Content starts

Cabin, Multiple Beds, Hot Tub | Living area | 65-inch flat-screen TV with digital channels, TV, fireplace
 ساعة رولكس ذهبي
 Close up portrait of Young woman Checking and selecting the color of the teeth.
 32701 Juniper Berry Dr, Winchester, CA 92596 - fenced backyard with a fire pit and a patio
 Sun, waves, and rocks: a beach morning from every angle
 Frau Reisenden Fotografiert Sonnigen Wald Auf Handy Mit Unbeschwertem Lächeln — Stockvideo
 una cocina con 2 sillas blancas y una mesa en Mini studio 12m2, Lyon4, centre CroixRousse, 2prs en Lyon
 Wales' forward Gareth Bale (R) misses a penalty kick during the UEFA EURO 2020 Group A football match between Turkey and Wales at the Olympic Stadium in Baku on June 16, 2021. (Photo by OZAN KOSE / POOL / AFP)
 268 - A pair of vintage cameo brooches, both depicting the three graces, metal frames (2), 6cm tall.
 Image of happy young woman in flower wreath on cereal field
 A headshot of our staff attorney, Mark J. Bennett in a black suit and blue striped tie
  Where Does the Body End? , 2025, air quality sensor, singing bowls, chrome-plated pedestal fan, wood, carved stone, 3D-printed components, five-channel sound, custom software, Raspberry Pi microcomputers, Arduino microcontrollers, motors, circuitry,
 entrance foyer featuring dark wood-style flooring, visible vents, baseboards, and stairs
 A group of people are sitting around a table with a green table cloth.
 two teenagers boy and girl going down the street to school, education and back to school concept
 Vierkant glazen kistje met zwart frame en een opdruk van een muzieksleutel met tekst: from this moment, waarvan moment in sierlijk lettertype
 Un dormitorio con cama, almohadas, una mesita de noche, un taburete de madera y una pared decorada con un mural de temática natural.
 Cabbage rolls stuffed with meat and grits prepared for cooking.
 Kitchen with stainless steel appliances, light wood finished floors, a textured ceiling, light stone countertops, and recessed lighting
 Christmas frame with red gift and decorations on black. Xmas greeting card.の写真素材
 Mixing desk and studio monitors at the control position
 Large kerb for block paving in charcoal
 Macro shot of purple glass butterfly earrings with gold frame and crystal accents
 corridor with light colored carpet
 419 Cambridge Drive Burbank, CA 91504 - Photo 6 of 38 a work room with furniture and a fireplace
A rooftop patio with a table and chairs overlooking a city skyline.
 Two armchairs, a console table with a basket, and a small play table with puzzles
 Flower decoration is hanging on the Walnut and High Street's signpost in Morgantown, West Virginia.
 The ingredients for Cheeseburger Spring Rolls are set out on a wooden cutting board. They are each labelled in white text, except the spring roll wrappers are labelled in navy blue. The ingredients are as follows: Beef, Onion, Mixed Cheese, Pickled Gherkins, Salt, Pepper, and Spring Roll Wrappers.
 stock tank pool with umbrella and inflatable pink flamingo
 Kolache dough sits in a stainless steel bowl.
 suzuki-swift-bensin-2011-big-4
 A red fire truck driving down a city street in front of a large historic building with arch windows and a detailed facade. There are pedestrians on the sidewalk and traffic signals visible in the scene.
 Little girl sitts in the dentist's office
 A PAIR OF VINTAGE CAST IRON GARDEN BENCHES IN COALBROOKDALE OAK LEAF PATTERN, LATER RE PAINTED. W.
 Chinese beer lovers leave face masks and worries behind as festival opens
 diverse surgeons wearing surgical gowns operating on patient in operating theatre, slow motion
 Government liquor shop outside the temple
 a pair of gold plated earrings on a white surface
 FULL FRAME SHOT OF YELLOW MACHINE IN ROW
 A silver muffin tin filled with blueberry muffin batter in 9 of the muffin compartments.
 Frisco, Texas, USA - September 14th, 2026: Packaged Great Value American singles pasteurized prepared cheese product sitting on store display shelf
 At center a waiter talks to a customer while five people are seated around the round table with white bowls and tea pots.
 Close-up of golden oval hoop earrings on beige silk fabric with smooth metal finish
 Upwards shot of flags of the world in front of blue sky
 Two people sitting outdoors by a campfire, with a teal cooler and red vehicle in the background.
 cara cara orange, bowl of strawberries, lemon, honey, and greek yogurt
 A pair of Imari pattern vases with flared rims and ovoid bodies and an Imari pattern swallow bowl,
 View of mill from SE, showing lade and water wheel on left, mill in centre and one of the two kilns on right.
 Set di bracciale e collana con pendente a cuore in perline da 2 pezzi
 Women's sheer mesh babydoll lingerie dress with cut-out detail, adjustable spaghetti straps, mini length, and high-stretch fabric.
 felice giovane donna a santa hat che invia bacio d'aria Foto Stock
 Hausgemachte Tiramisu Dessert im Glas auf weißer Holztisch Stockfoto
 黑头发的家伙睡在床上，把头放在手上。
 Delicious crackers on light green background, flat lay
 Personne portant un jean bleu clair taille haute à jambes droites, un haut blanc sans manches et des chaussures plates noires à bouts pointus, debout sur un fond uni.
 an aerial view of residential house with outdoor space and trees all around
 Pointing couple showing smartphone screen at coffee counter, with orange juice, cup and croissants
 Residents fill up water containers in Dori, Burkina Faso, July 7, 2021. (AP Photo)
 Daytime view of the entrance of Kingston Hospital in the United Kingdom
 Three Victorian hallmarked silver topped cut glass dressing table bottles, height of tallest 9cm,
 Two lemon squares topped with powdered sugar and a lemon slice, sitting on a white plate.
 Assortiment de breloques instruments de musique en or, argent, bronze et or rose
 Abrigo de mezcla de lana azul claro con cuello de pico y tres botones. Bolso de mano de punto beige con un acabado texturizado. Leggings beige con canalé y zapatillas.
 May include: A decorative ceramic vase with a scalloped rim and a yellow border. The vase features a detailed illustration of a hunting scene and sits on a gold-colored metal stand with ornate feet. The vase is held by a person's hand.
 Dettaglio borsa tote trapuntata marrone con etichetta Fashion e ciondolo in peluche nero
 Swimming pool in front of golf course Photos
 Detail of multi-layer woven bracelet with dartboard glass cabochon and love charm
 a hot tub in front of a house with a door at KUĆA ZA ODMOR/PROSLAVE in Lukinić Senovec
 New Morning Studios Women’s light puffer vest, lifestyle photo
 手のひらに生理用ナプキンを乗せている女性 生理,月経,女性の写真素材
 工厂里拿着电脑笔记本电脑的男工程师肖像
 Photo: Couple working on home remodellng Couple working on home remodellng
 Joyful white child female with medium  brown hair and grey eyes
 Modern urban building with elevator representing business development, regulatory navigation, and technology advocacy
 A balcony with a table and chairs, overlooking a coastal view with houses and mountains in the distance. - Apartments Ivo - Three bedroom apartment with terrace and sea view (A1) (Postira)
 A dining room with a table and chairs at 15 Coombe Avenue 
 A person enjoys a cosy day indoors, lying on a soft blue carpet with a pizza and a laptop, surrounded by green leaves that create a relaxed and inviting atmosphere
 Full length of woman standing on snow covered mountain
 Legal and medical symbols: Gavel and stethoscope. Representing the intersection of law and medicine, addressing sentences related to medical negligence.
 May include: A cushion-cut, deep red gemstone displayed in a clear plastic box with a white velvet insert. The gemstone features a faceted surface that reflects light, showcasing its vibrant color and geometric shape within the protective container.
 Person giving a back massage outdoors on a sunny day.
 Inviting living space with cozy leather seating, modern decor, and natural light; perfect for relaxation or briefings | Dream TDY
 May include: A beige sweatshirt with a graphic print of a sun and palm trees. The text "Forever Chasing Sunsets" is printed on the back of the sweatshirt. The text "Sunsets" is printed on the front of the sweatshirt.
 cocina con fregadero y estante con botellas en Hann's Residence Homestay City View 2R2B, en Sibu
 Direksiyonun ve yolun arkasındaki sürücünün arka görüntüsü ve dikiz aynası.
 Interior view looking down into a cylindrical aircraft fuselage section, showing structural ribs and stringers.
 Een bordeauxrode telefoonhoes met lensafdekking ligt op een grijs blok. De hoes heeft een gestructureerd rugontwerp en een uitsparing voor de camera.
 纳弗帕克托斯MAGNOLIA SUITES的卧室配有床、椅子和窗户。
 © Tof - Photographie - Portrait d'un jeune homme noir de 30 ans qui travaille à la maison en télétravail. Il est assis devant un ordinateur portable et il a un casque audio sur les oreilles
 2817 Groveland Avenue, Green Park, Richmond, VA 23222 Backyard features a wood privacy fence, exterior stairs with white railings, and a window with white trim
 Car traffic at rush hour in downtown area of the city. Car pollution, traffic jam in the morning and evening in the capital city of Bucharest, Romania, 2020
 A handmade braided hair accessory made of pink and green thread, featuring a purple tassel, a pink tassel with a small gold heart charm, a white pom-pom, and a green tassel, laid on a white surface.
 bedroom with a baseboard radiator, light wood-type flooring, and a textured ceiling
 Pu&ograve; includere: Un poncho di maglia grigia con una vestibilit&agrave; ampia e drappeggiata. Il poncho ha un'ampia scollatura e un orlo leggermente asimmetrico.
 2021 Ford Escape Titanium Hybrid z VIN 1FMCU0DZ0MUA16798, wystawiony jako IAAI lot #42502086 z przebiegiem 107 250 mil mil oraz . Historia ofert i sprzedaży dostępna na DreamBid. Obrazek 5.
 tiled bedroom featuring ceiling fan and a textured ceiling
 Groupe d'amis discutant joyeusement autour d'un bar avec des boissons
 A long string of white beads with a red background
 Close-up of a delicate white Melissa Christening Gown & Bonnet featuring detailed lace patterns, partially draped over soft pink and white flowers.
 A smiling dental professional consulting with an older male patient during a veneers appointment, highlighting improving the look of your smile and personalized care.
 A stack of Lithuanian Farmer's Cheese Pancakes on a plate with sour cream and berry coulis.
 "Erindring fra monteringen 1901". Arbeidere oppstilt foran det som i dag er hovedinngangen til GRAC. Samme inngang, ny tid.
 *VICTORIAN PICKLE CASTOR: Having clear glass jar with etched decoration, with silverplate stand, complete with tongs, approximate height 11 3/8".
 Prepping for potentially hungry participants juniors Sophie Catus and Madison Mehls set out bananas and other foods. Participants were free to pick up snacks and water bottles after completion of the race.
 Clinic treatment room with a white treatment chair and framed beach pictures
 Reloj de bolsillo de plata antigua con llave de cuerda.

Content ends

# TASK PROMPT:
Show the lines in the entries above that include the string "bowls".

# SOLUTION TO THE EXERCISE:
  Where Does the Body End? , 2025, air quality sensor, singing bowls, chrome-plated pedestal fan, wood, carved stone, 3D-printed components, five-channel sound, custom software, Raspberry Pi microcomputers, Arduino microcontrollers, motors, circuitry,
 At center a waiter talks to a customer while five people are seated around the round table with white bowls and tea pots.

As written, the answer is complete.